Romance is one of the most complicated aspects of human existence. Each of us experiences it differently and some don’t experience it at all. It can end in a lifelong relationship like the ridiculous cotton-candy utopia described above, but there are so many different manifestations of romance that aren’t acknowledged by that narrative. Some relationships end, and it is healthy for them to. Others are never “officially” cemented with a ceremony or even a label at all. Some are brief but intense. While many have a mix of both physical and emotional intimacy, others have only one or the other. Yet while romance in real life is complex and fascinating, romance in video games fails to live up to that standard.

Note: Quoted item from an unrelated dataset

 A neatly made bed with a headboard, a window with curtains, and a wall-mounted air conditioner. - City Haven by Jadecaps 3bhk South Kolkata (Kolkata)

I’ve played a number of video games over the years, and plenty of them include relationships. There are some among that number which emphasize relationships as a major mechanism of the game, or the story deals with love in significant ways. What I have found, though, is that no video game has quite been able to capture what’s great about real-life romance and the myriad ways it can manifest. So today I want to talk about a few video games that fail to deliver on the promise of romance, and perhaps make some suggestions for how games can do better.

Harvest Moon

HARVEST MOON
Romance is a big part of the appeal of many Harvest Moon titles. Your little farmer lives in a village full of potential spouses who can slowly be wooed through the process of daily conversation, constant gifts, and the occasional quest. Once you reach a specific level of affection, you can propose with a blue feather and marry your beloved in order to have lots of farmha- er, babies. It seems like your life together is the perfect realization of the American dream, but I have a lot of issues with the way romance works in Harvest Moon.

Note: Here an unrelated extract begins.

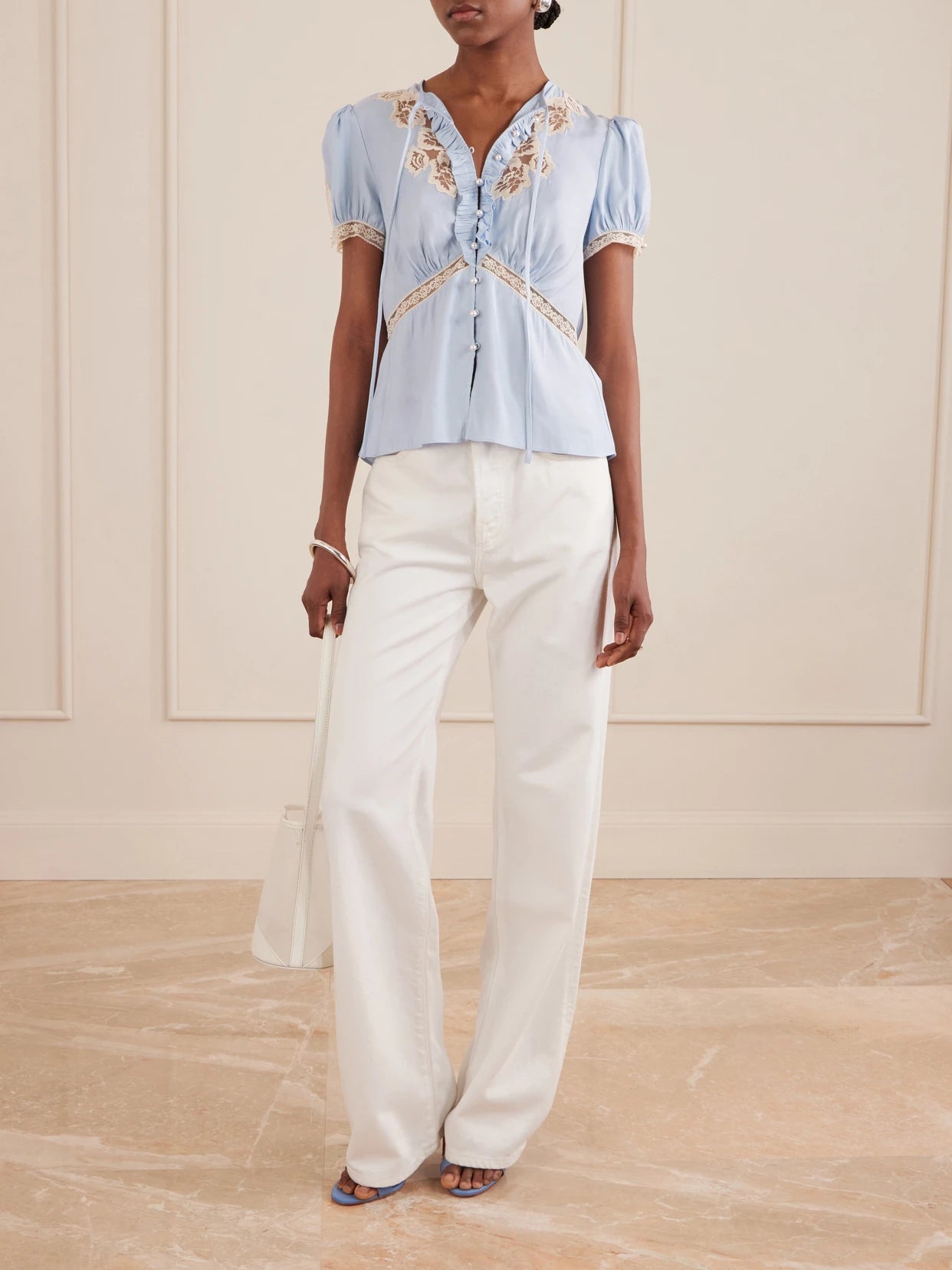 Image of a model wearing Tops. Product name - Ruffled Lace-trimmed Satin Blouse in Blue colour by brand - Self-Portrait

Have you ever been given a present by an overly-familiar acquaintance? It’s not a pleasant experience. I still have a wrapped package sitting on my desk at work from when a coworker thought it would be cool to give me a gift for helping them at the office – months ago. I know almost nothing about this person other than a name; when they handed me a present in an open forum where other coworkers were all standing around and could see me, it was honestly uncomfortable. And I only had to deal with it once! In Harvest Moon, you do this to the target of your affection every day to try to get them to fall in love with you. At best, it’s bribery; at worst, it’s stalking.

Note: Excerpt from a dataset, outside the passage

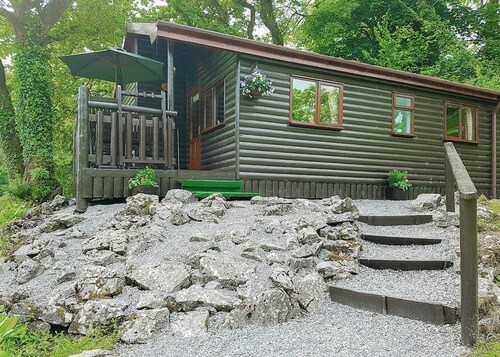 Pine log lodge with one double and one with bunks and a single.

Then there’s the actual achievement of marriage itself. You finally manage to romance your partner to the appropriate level of affection and they decide they want to live in your house with you for the rest of your life. Once that happens, something changes about your partner. That person is no longer who they used to be. Instead, they are reduced to a generic “spouse-schedule” that is identical no matter who you ended up marrying. I can remember in one of the games marrying Ann, a character who is an inventor and often spends her days tinkering with machines. Once we were married, she stopped her mechanical work entirely. The same thing happened in a different playthrough when I married Eve; she quit her job as a server at the local bar to stay at home.

Now while some people do change their lifestyles after marriage, this isn’t the reality for everyone. Plenty of couples maintain their careers and hobbies after tying the knot. And in Harvest Moon, these hobbies are often the defining characteristics of the characters you are wooing – they are the qualities that draw you to that specific person. For those qualities to disappear after the wedding and replaced with a bland personality focused solely on you and your potential family is to cut out what made the relationship interesting in the first place.

Fire Emblem Gaius Swimwear

FIRE EMBLEM
When I played Fire Emblem for the first time, it was the support system that kept me coming back for more. Sure, it was cool to play out strategic fantasy battles and watch my characters level up their stats, but what increased the replay value for me was the way in which so many combinations of characters could develop their histories together by fighting side by side. Seeing the backstories of characters like Soren or Zihark or Mia through the support conversations in the game brought me back again and again so I could learn everything about the units in my army.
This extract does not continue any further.